Even when Rosetta visited comet 67/P Churyumov-Gerasimenko, a body of just a few kilometres diameter, surface changes were observed, including cliff collapses. Sure enough, here the causes behind these processes were mostly the erosion of the surface due to the insolation. Yet these processes (maybe other than the evaporation itself) are often also considered geological processes.

Now, if your question is about plate tectonics, that's a far tighter constraint. You definitely need a differentiated body, and you might need the presence of water within the rock as well (That however is not a strong constraint). Plate tectonics on Earth are driven by the primordeal heat in the Earth's core and the gradient towards the surface - but how much exactly which of the associated processes contribute (like subduction, plumes, etc.) is still up to debate. Mars on the other hand is similar to Earth in most regards (especially rotation, and somewhat composition) except its size - and does not have plate tectonics anymore. Thus - without much calculation - the boundary in mass for plate tectonics over billions of years seem to be somewhere between these. Venus does not exhibit plate tectonics (probably due to its lack of rotation), but it shows some vulcanism, so the heat transfer favours other processes than here on Earth.

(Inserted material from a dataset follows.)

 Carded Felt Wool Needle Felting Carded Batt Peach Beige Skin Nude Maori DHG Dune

Lastly, if you want aeolian processes altering the surface which require presence of an atmosphere, the limit comes from the mass of the planet itself, and the surface temperature which defines the escape velocity for the gas molecules of the atmosphere, and thus its longevity over astronomical timescales. Here Mars gives one good lower boundary of a planet which still exhibits some atmosphere - and we regularily see planet-wide dust storms and on normal days dust devils, both reshaping and eroding the surface. Another, only slightly smaller example for the lower atmospheric boundary is the saturnian moon Titan. It features an atmosphere made from nitrogen and methane. It can hold an atmosphere denser than Mars, even 50% denser than Earth, despite being the smallest of the three as it is further from the Sun and thus the escape velocity for the atmospheric molecules is much smaller.

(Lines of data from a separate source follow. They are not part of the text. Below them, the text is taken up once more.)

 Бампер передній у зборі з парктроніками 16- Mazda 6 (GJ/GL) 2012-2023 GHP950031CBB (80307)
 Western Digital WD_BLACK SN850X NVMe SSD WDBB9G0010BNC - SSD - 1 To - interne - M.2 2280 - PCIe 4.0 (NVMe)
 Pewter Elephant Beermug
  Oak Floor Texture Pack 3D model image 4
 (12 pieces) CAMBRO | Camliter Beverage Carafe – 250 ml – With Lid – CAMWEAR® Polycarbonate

To allow assess the mass of the bodies talked about, in order of increasing mass:

  • Churyumov-Gerasimenko: $10^{12}$kg
  • Enceladus: $1\cdot 10^{20}$kg
  • Europa: $4\cdot 10^{22}$kg
  • Moon: $7\cdot 10^{22}$kg
  • Io: $9\cdot 10^{22}$kg
  • Titan: $1\cdot 10^{23}$kg
  • Mars: $6\cdot 10^{23}$kg
  • Earth: $6\cdot 10^{24}$kg

In summary: there are geological processes on all kind of bodies, from small comets up to the largest (terrestrial) planets - their relative importance differs, depending on size, solar distance and exposure to tidal forces.